Alexander Gray Associates April 4 – May 12, 2007

One of the most surprising aspects of Jo Baer’s 1983 refutation of Minimalism, “I am no longer an abstract artist,” is her insistence on the intrinsic relationship between illusionism and art. Often regarded as one of the very few painters allowed into the church of Minimalism, Baer is most well known in this country for a body of elegant, hard-edge paintings produced in the 1960s. With a set of sixteen canvases called Primary Light Group from 1964, Baer takes on Greenberg’s figure/ground fetish with a resounding severity: gleaming, “empty” white fields are hemmed in by black frames that run the literal edge of the canvas. Seemingly identical, a closer look at each painting reveals thin bands of electric color between the black and white paint, confounding the designation of figure or ground to either color.

Jo Baer, “Shrine of the Piggies (The Pigs Hog It All and Defacate and Piss on Where From They Get It and With Whom They Will Not Share.That’s It.)” 2001. Oil on canvas. 72” x 60-3/4”. Courtesy of Alexander Gray Associates.

While a few works from the early ’60s used more complex compositions, by and large Baer’s painting belonged to what Lawrence Alloway termed “One Image Art.” Anomalous works, such as “Black Star” and “African Flag,” seem to draw as much from heraldry as they do from Minimalism and strongly evoke the paintings of John Wesley, her husband at the time. After a decade of demanding a kind of experiential awe from the viewer, by the early ‘70s Baer had loosened up both the composition and physicality of her work. The so-called “Radiator” paintings often contained fluid, sweeping gestures that suggested a new, more biomorphic referent. These body-sized paintings are characterized by a singular image that actually wraps all the way around the face of the canvas and onto the deep, 4-inch profile of the stretchers. The narrow, rectangular slabs were hung extremely low on the wall, so as to hover over the floor.
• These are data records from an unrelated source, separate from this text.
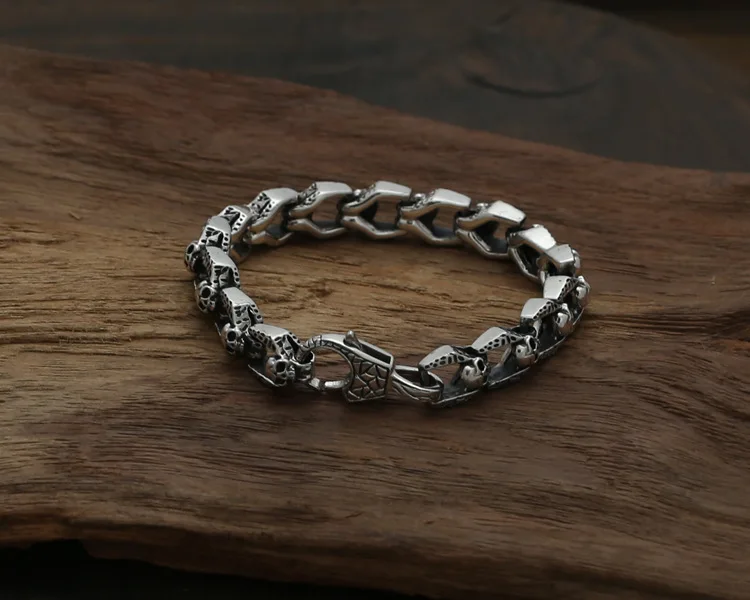 

S925 sterling silver jewelry retro men's Thai silver skull bracelet free shipping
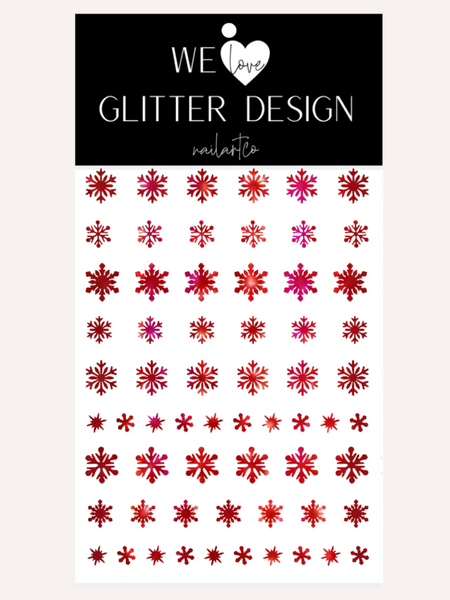 Snowflake Variety (Design 1) Nail Decal | Holo Sparkle // Red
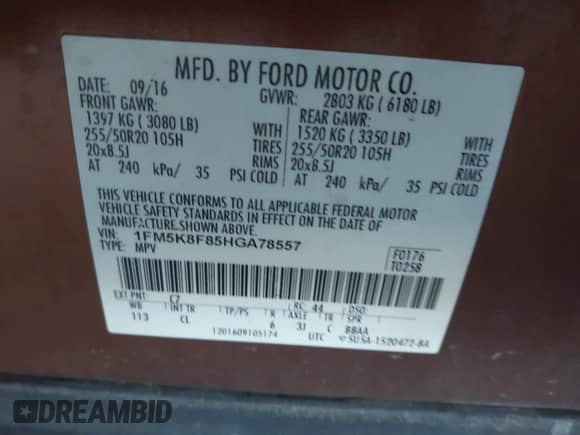 2017 Ford Explorer Limited with VIN 1FM5K8F85HGA78557, listed as a IAAI auction lot 43048929 with 183,830 mi miles and . Bid and sale history available at DreamBid. Image 9.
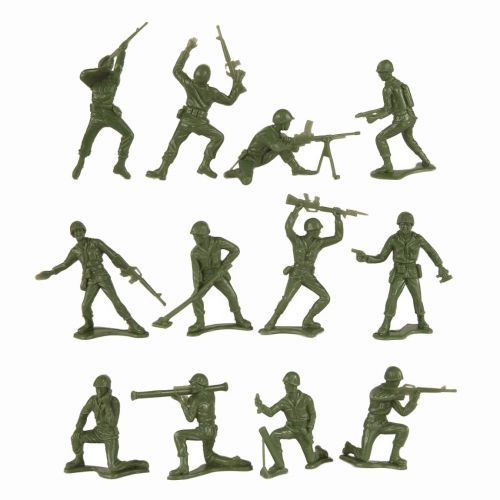  Tim Mee Toy TimMee Plastic Army Men - Green vs Tan 100pc Toy Soldier Figures - Made in USA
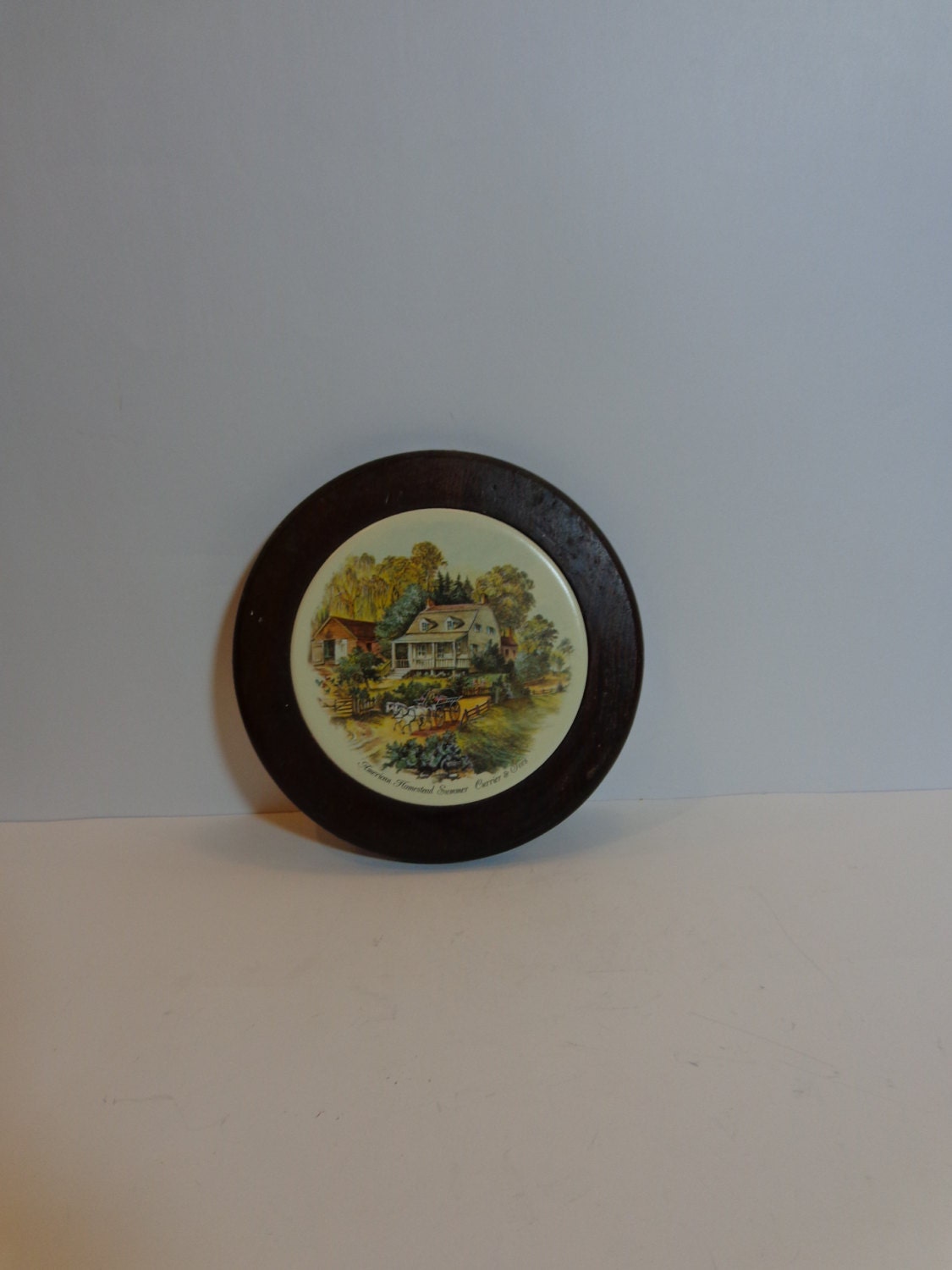 Vintage Currier And Ives Trivet Wall Hanging Plaque Cottage Chic Wood Frame Printed Scene American Homested Summer, Epsteam Vintage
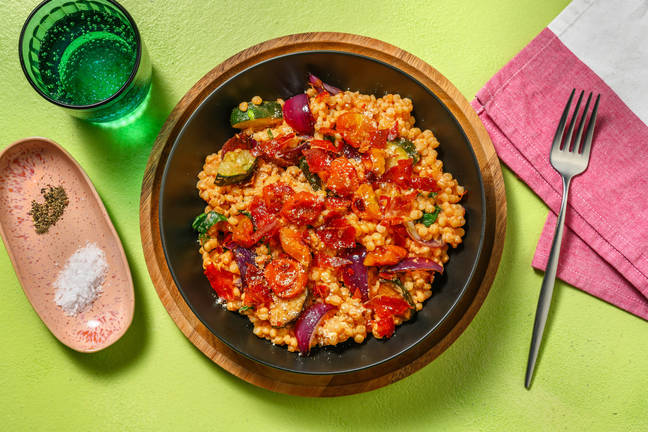 Sprø prosciutto og perlecouscous-bowl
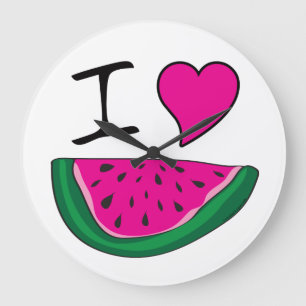 I Love Watermelon Large Clock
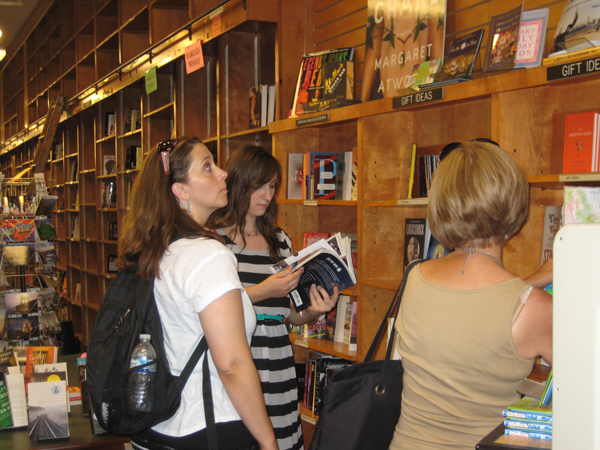 Customers perused the selection at Shakespeare & Co.  Photo by dusica sue malesevic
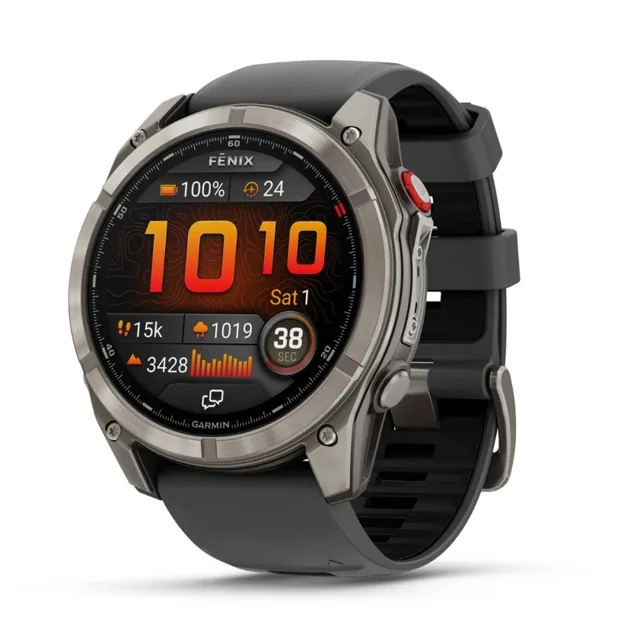 Garmin Smart Watch Fenix 8 51mm Amoled Sapphire Titanium Grpht/Sparkorg Band, Titanium product image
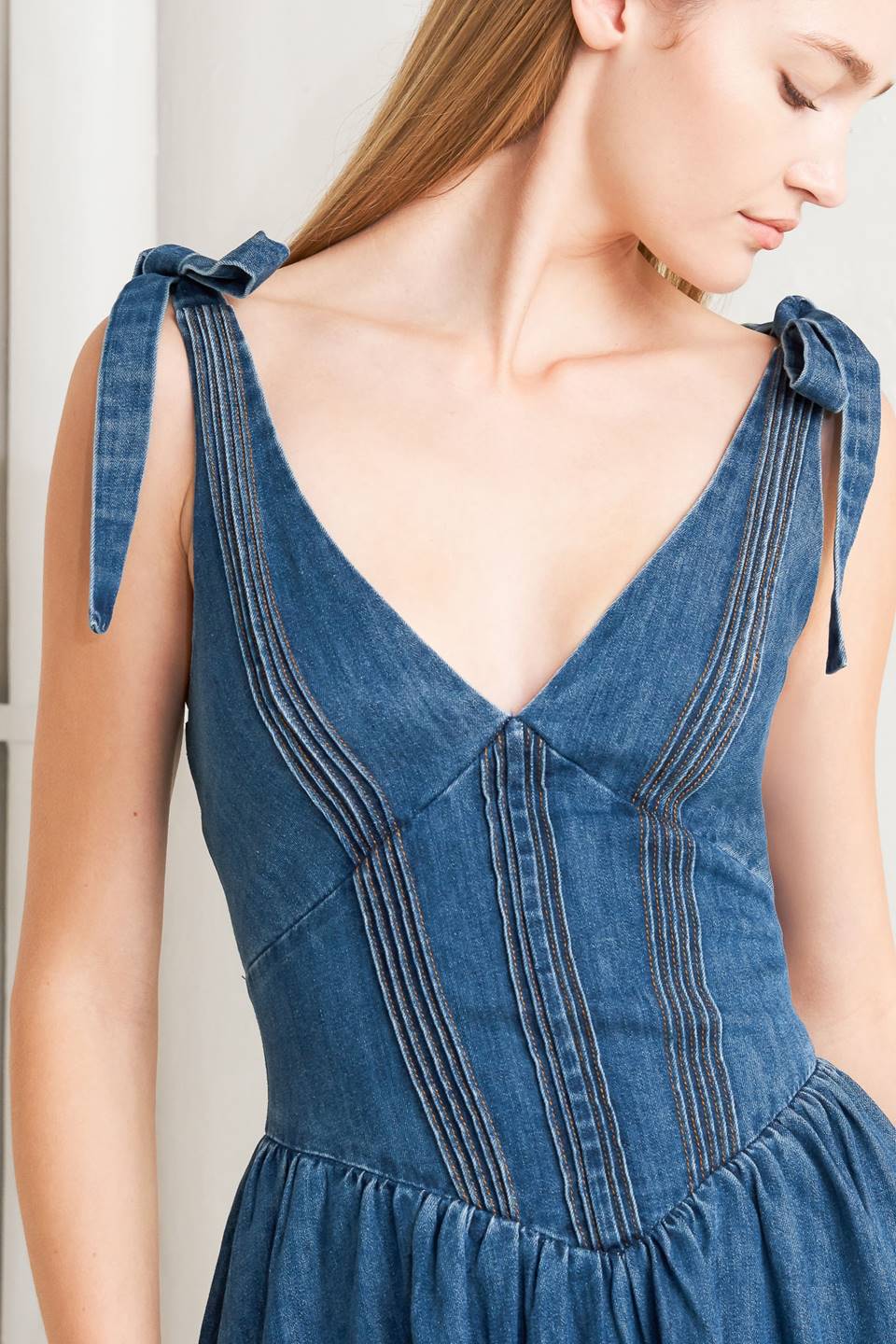 BLUE BALLET DENIM MIDI DRESS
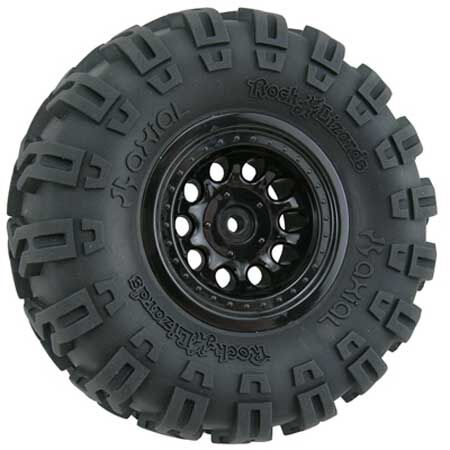 1/10 Revolver Crawler Front/Rear 2.2 Wheels with Wide Base, 12mm Hex, Black (2)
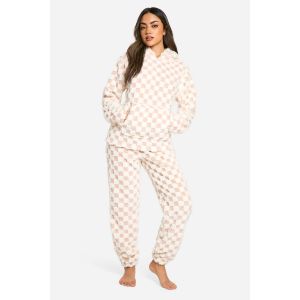 Baby Pink Fleece Checkerboard Hoodie And Jogger Set - Rose Clair - 36, Rose Clair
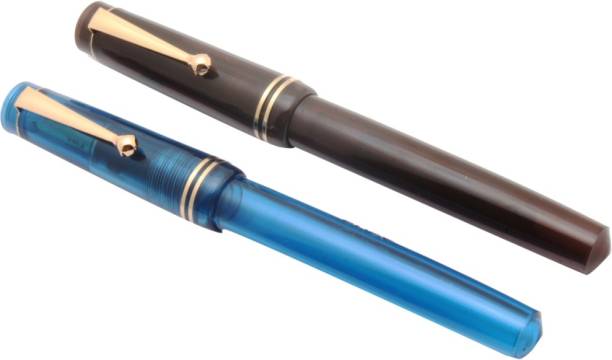 Ledos Click Aristocrat Full Demonstrator Amber &amp; Blue Fountain Pens 3in1 Ink Filling System Broad Nib Golden Trims Pen Gift Set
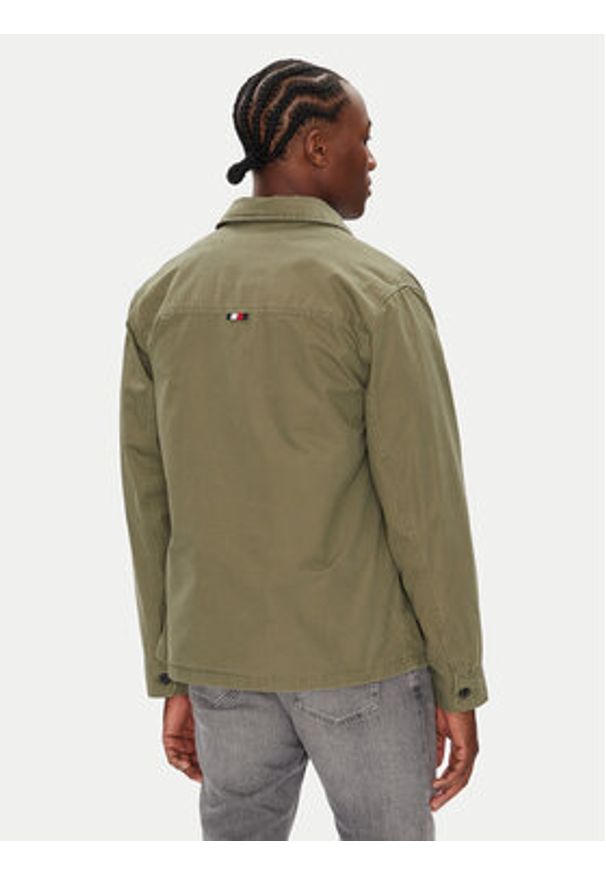 TOMMY HILFIGER - Tommy Hilfiger Kurtka przejściowa MW0MW39634 Zielony Regular Fit. Kolor: zielony. Materiał: bawełna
Having been featured in a slew of history-making exhibitions, including Alloway’s Systematic Painting at the Guggenheim and 10 at the Dwan Gallery (both 1966), Baer was the subject of a mid-career survey at the Whitney in 1975. That year she left New York City for Ireland, ultimately settling in Amsterdam some years later. Just as the artist’s move from the capital of the art market to “old” Europe signaled a change in the intention of her painting, Baer’s rejection of abstraction and embrace of “radical figuration” (her term) parallels Minimalism’s waning influence and the advent of Neo-Expressionism. By softening the weight and touch of the drawing and color, Baer filled the spare canvases that she once called “extremely negative” with image fragments and even recognizable forms.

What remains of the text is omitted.